Jan Bor also mentioned Dutch poet Lucebert who wrote:
… who falls into the abyss becomes an airman—free and floating.
It dawned to me that the only way to stop staring into the abyss is to jump into it. The staring seems to refer to trying to locate firm ground down in the dark depths of the chasm. This is what philosophy has been doing for most of the 2500 years it has been around as we know it. Many philosophers have attempted to find some solid foundation for knowledge. Descartes’ thought experiment in his Meditations is a great example of somebody jumping into the abyss, or as he put it, into deep water. This leap takes great philosophical courage and Descartes tries hard to: “either to plant [his] feet firmly on the bottom or sustain [himself] by swimming on the surface”. As I argued previously, I don’t think that Descartes has succeeded in planting his feet firmly on the bottom and should be content with simply floating in the water.
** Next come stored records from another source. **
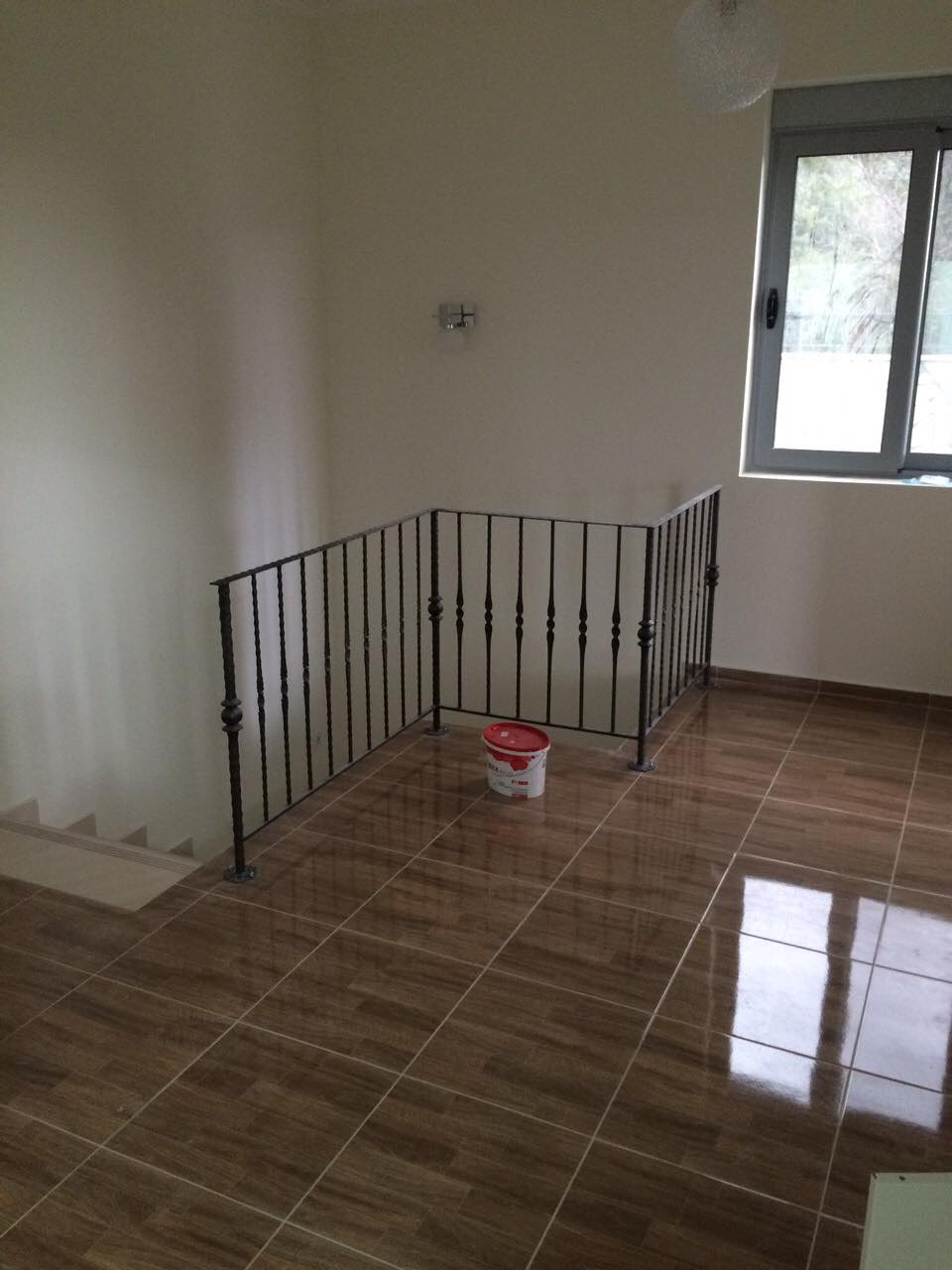 Wohnzimmer mit Treppe und schmiedeeisernem Geländer im Haus, Šušanj, Montenegro. Helle Ausstattung und Fliesenboden in Holzoptik.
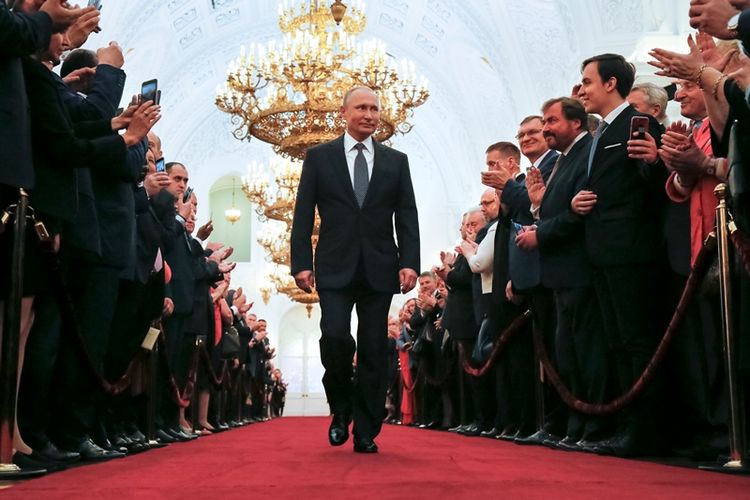 Vladimir Putin disambut pendukungnya ketika berjalan menuju Aula Andreyev, tempat dia dilantik sebagai Presiden Rusia pada Senin (7/5/2018).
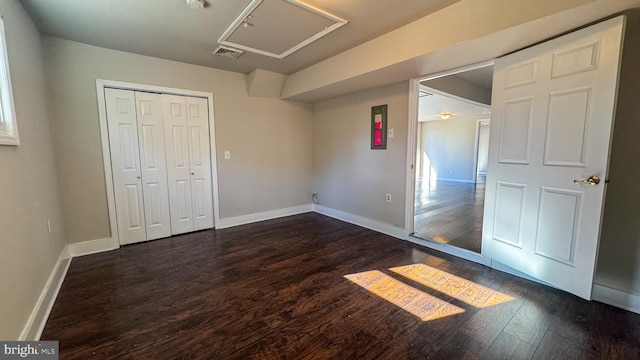 unfurnished bedroom featuring dark hardwood / wood-style flooring and a closet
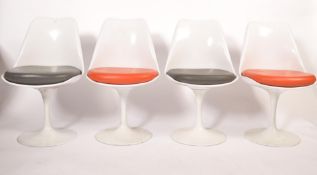 A set of 4 20th century Arkana style tulip dining chairs with good grey pad seats raised over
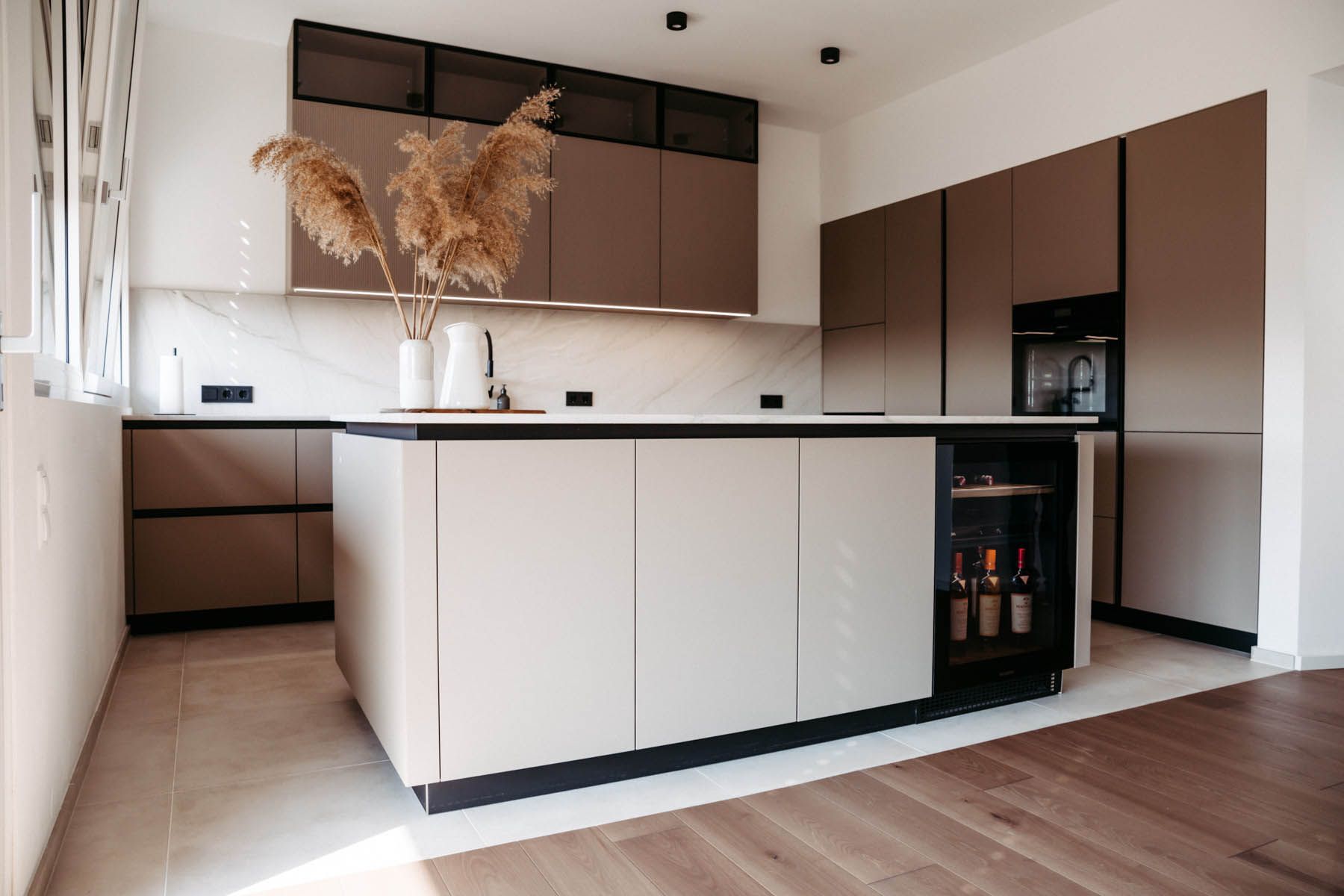 Moderne Küche mit braunen und beigen Schränken, Kochinsel mit Weinkühler und Holzböden.
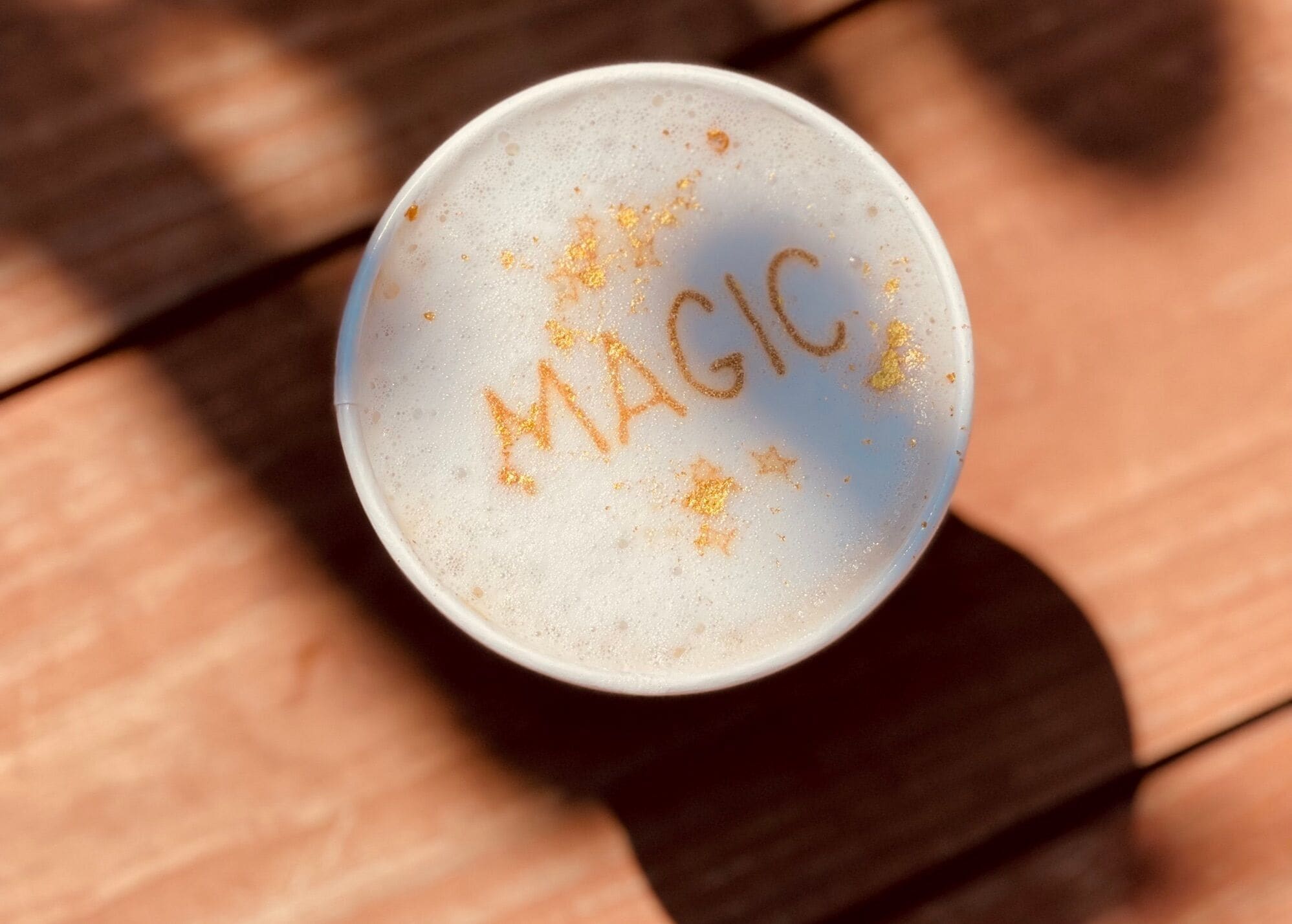 A white cup with the word "MAGIC" written on it, placed on a wooden surface.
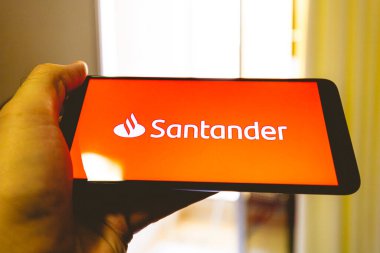 Brasilia, Federal district - Brazil. 2022. Santander bank logo on the phone screen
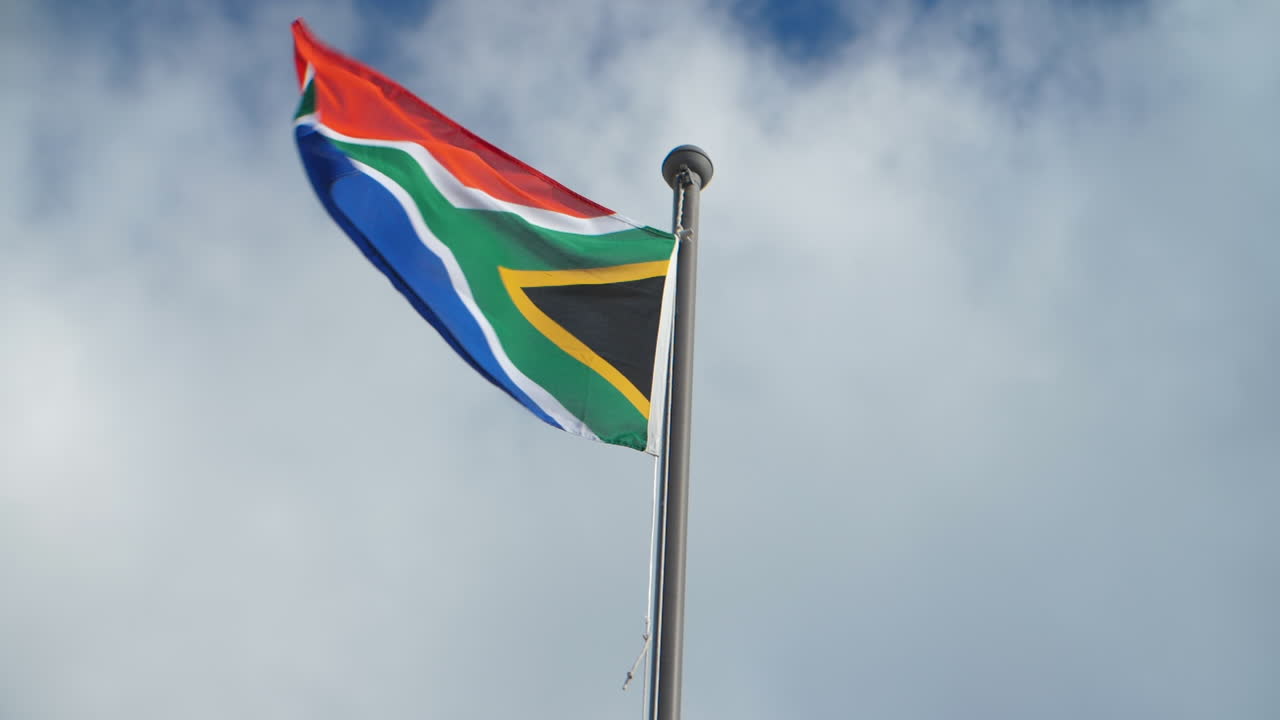 South African flag waving on pole against clouded sky on bright sunny day in center of frame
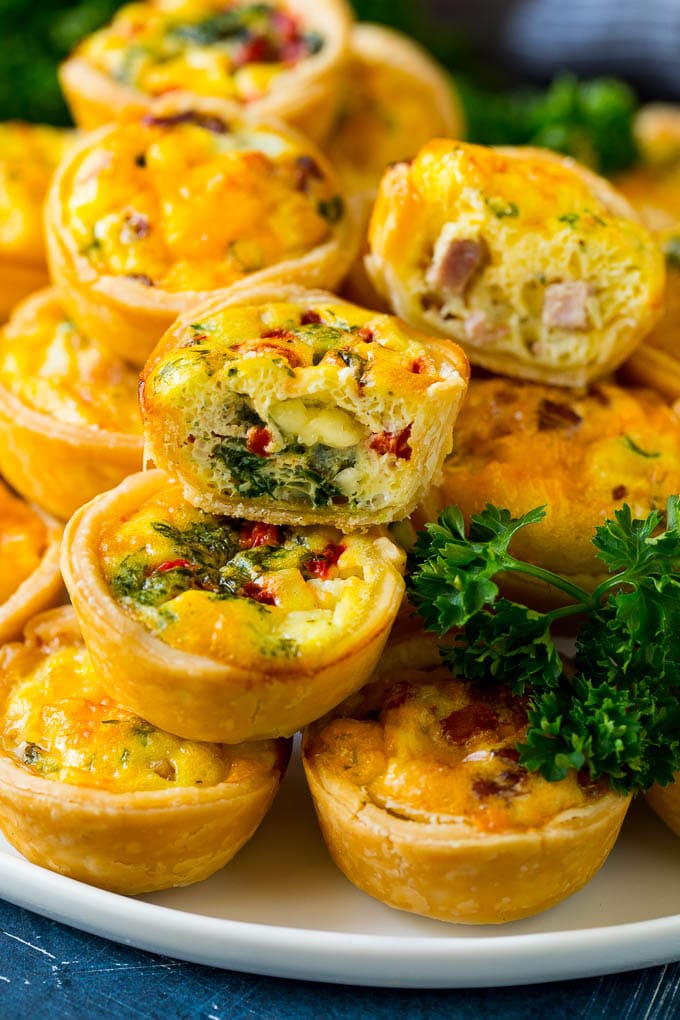 Mini Quiche Recipe #eggs #breakfast #brunch #appetizer #sraye A serving platter of mini quiche with some cut in half.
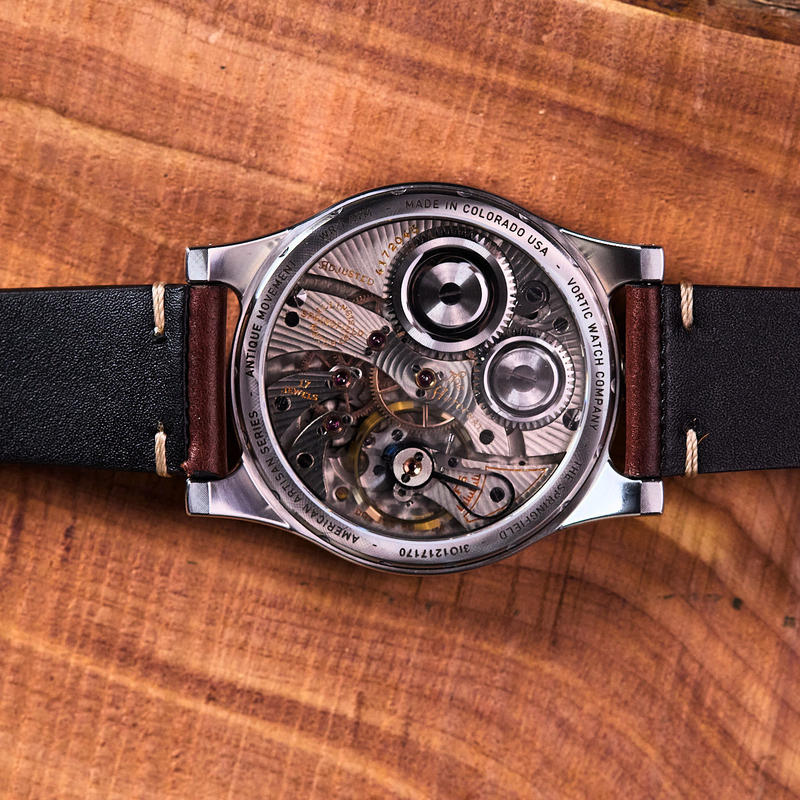 Mechanical watch with black leather strap on a wooden surface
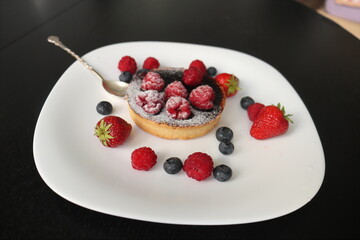 cream cake with raspberries and blueberries and small macaroons served on a large white plate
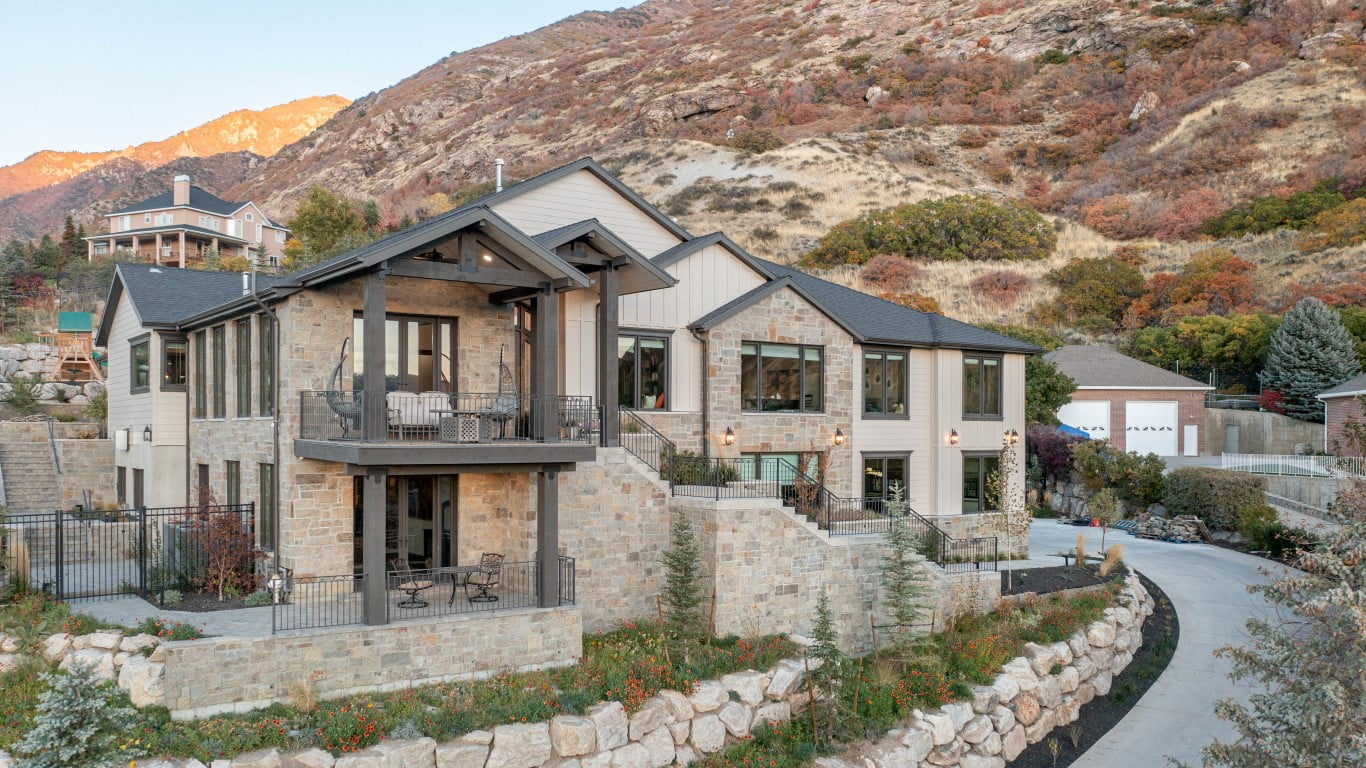 Custom large home front exterior on the side of a mountain.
The solution to Nietzsche’s aphorism is to take the same leap of faith, just like Descartes did, but not to hitherto find firm ground, but to make the void your home, or in the words of Lucebert, become an airman—free and floating.
This comes close to the concept of the metaphysical hot air balloon I have theorised about some time ago. Jumping into the abyss and accepting there will be no firm ground removes the fear of falling to your death. The eternal free fall, a state of blissful weightlessness, will be the result of taking this leap into the abyss. The warning signs should be removed—be brave and practice some philosophical base-jumping!